Nella tabella 2 viene presentata un classificazione di tipi ideali di capitalismo sulla base di alcune possibili combinazioni di diversi regimi di proprietà e strutture di governo dell’accumulazione. I tipi ideali sono basati sull’osservazione storica, ma aspirano alla modellizzazione. Poiché i casi storici concreti non combaciano perfettamente con i modelli, questi non aspirano a sostenere una interpretazione storiografica dello sviluppo capitalistico. Aspirano in realtà a molto di più. Lo schema infatti è aperto anche a configurare possibili forme nuove e alternative. E comunque, in vista dell’interesse prevalentemente classificatorio, si indulgerà alquanto nell’astrazione. Così alcuni casi storici di forme capitalistiche verranno depurati da ogni tipo di promiscuità istituzionale in modo da concentrare l’attenzione sulle istituzioni che sono considerate veramente fondamentali.

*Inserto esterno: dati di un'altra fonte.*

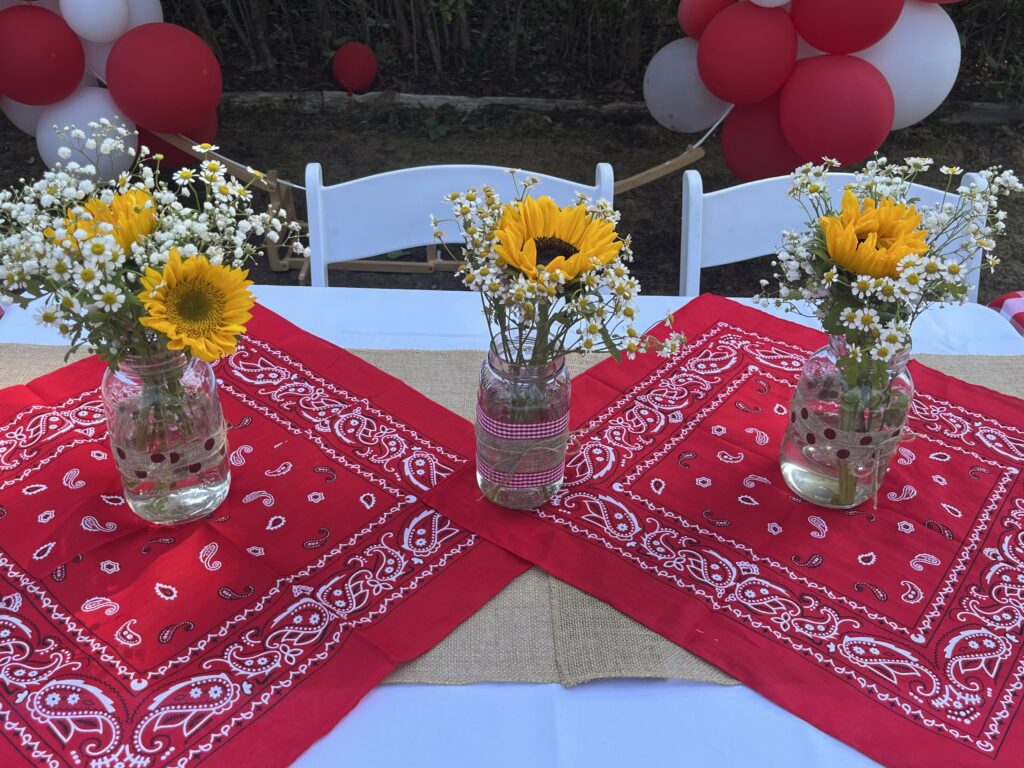 Picnic-style table with red bandana runners and sunflower centrepieces in mason jars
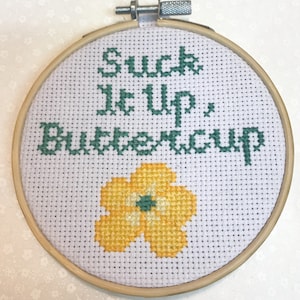 May include: A cross-stitch embroidery hoop with the phrase "Suck It Up, Buttercup" in green thread. A yellow flower with a green center is stitched below the text. The embroidery is set in a wooden hoop.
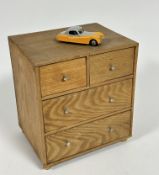 A pine miniature nest of drawers fitted two short and two long, (H x 24 cm x L x 21 cm x W x 16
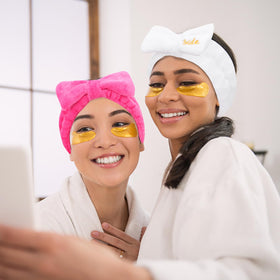 Semato bridesmaid headband hot pink in use during skincare.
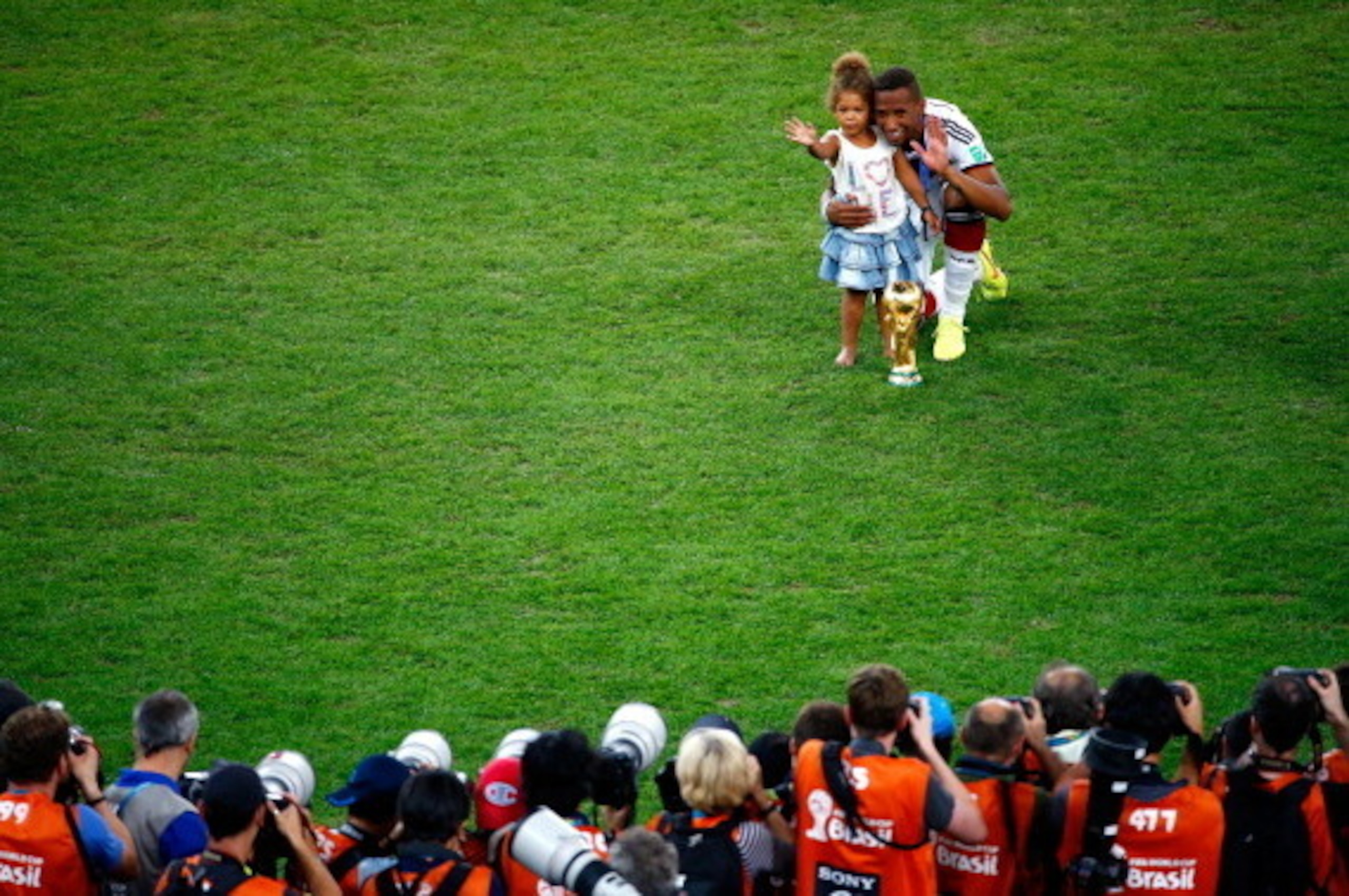 RIO DE JANEIRO, BRAZIL - JULY 13: Jerome Boateng of Germany celebrates with his daughter after defeating Argentina 1-0 in extra time during the 2014 FIFA World Cup Brazil Final match between Germany and Argentina at Maracana on July 13, 2014 in Rio de Jan RIO DE JANEIRO, BRAZIL - JULY 13: Jerome Boateng of Germany celebrates with his daughter after defeating Argentina 1-0 in extra time during the 2014 FIFA World Cup Brazil Final match between Germany and Argentina at Maracana on July 13, 2014 in Rio de Jan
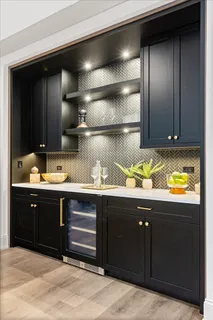 a work room with furniture and wooden floor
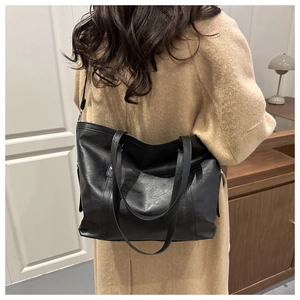 Rear view of model wearing a large black pebbled leather tote bag with an overcoat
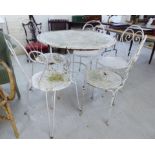 A modern Victorian style white painted metal patio table 30''h 36''dia;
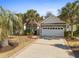Charming single-story home featuring a stone facade, two-car garage, palm trees, and a patterned concrete driveway at 606 5Th Ave. S, North Myrtle Beach, SC 29582
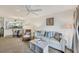 Living area with sofa, coffee table, and view of kitchen at 4260 Placida Rd # 24B, Englewood, FL 34224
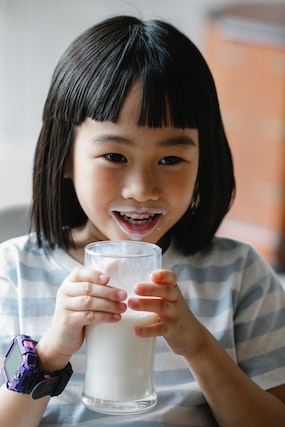 Young girl drinking a glass of milk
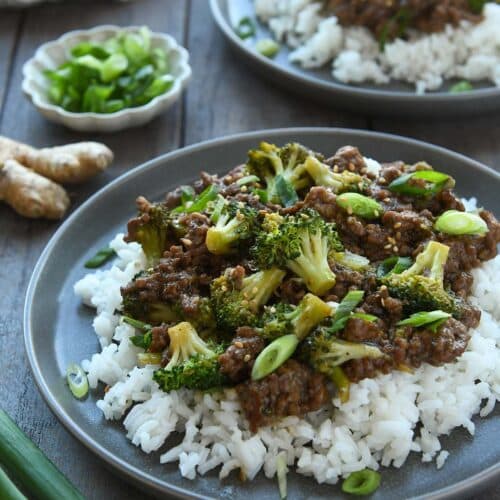 Two plates of ground beef and broccoli topped with sliced green onions and sesame seeds. With a small dish of green onions, a piece of fresh ginger and a striped towel.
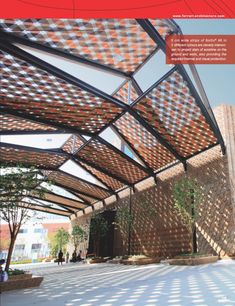 the cover of an architectural magazine shows a building with a pergolated roof and brick walls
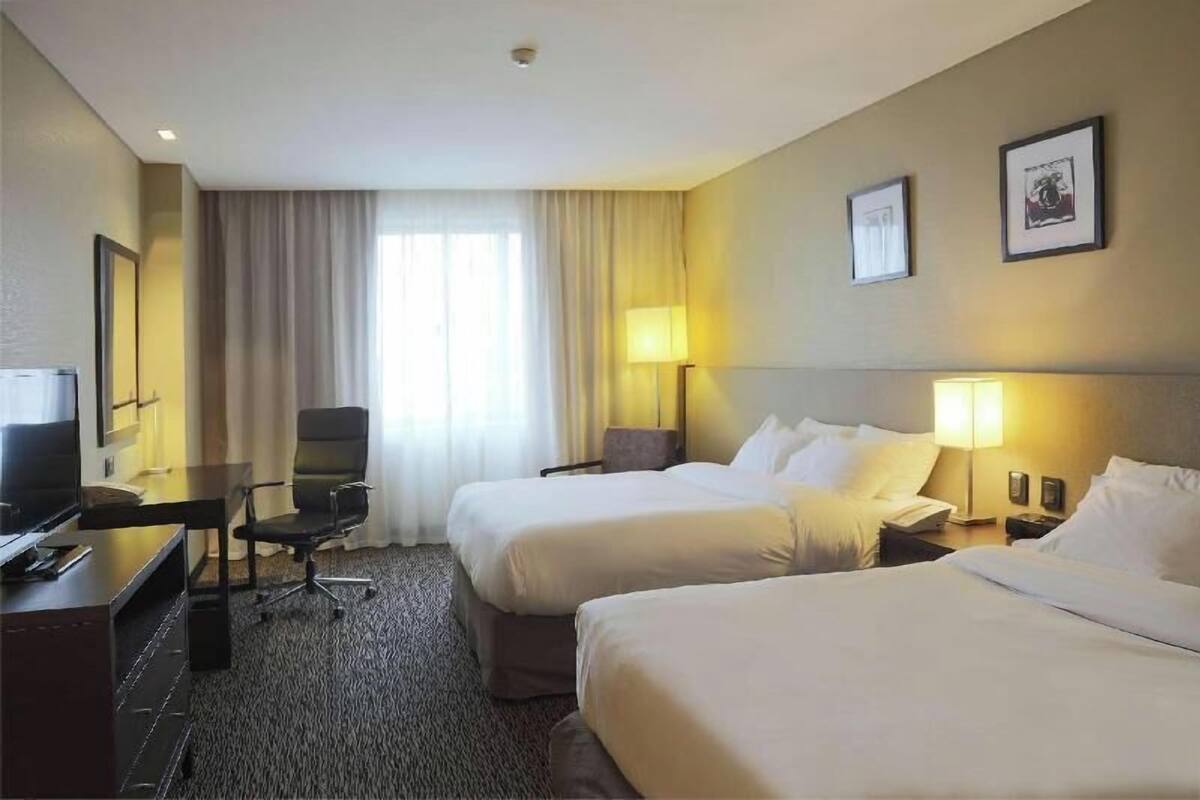 A hotel room with two beds, a desk with a chair, a television, and a large window with curtains.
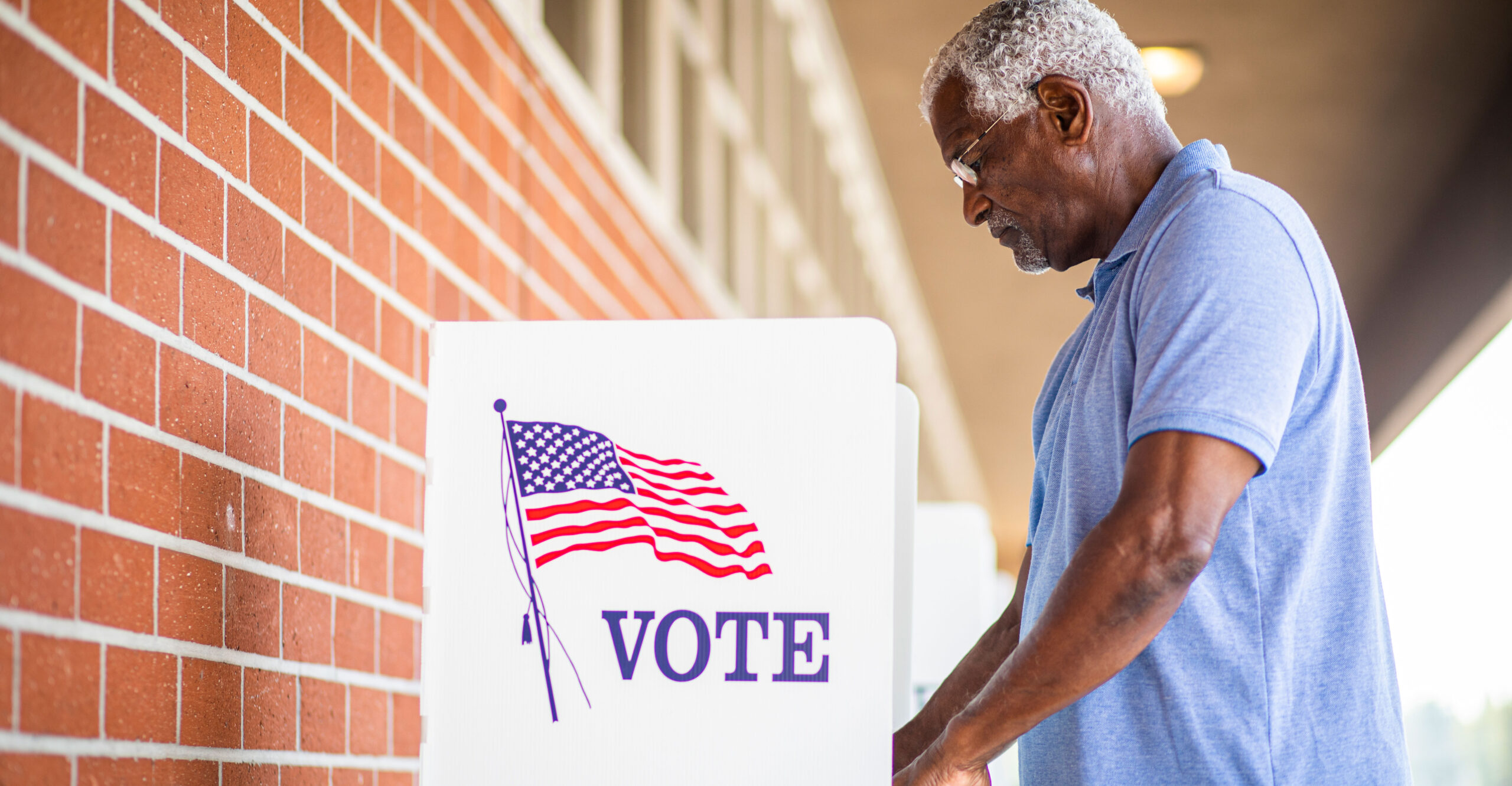 Elderly Black Man Voting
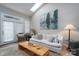 Cozy living area with a comfortable sofa and access to backyard at 272 Millingport Ln, New London, NC 28127
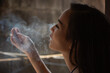 Young woman smoking cigarette, cannabis, marijuana.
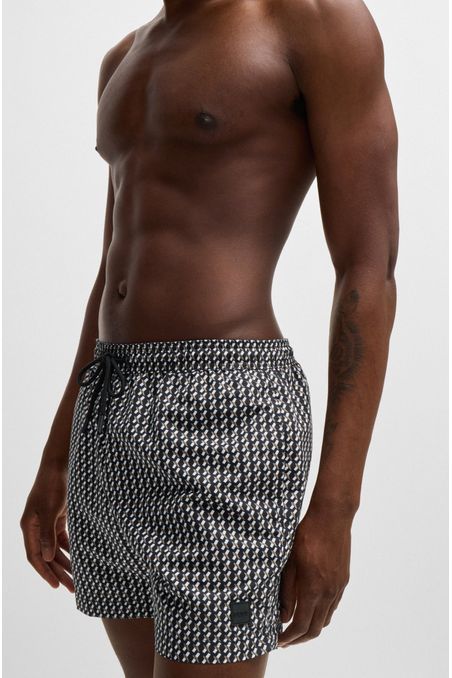 PANTALONETAS DE BAÑO CON CORDÓN EN LA CINTURA Y ESTAMPADO HOMBRE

Ora va detto che, sebbene la tabella non miri a fornire uno schema per l’interpretazione storica, può tuttavia essere usata anche in questo modo. E nelle conclusioni si farà un tentativo del genere. Il che rende necessaria una precisazione. La storia evolve non solo attraverso il cambiamento ma anche nella longue durée. Si danno periodi di instabilità strutturale, rivoluzione, cambiamento catastrofico, nei quali prevalgono i movimenti caotici, le forme organizzative sono in subbuglio e varie e contrastanti istituzioni convivono le une accanto alle altre. E si verificano lunghi periodi di stabilità, durante i quali il cambiamento è lento e graduale e le istituzioni sono organizzate in forme coerenti in modo da autosostenersi e resistere alla competizione delle innovazioni istituzionali, assimilare le novità che possono essere assimilate ed eliminare o prevenire quelle che non lo possono. Così la storia può essere letta sia come un processo di cambiamenti strutturali ricorrenti sia come una successione di stadi di sviluppo in cui forme stabili di organizzazione prevalgono per lunghi periodi.

7. Il capitalismo classico

La prima forma istituzionale da prendere in considerazione è quella definita dal modello di “capitalismo classico” che si può trovare in molti moderni testi di microeconomia o in qualsiasi compendio della teoria marxista ortodossa. È basata sulla combinazione di un regime di proprietà privata concentrata e di una struttura di governo dell’accumulazione che fa affidamento sul ruolo dei mercati delle merci. Il controllo del lavoro nel processo produttivo è fondato su un contratto relazionale in cui un datore di lavoro individuale acquista il comando sul lavoratore in cambio di un salario. Poiché lo svolgimento del processo lavorativo richiede l’uso di mezzi di produzione, una condizione affinché i lavoratori accettino di entrare in un rapporto di lavoro dipendente è che essi siano privi di ricchezza. Una condizione affinché il controllo sia esercitato da un datore di lavoro capitalista è che questi abbia la proprietà dei mezzi di produzione. La ricchezza è concentrata nelle mani di una classe di individui che mirano a usarla per fare profitti. L’impresa capitalistica è una cosa, un’attività patrimoniale posseduta da una persona che assume una responsabilità illimitata per gli effetti del suo uso. Le imprese sono di piccole dimensioni, le gerarchie di fabbrica sono semplici. La società è suddivisa in due gruppi di individui: la classe capitalistica, o borghesia, che include tutti i proprietari di mezzi di produzione, e la classe lavoratrice, o proletariato, che comprende tutti i lavoratori dipendenti.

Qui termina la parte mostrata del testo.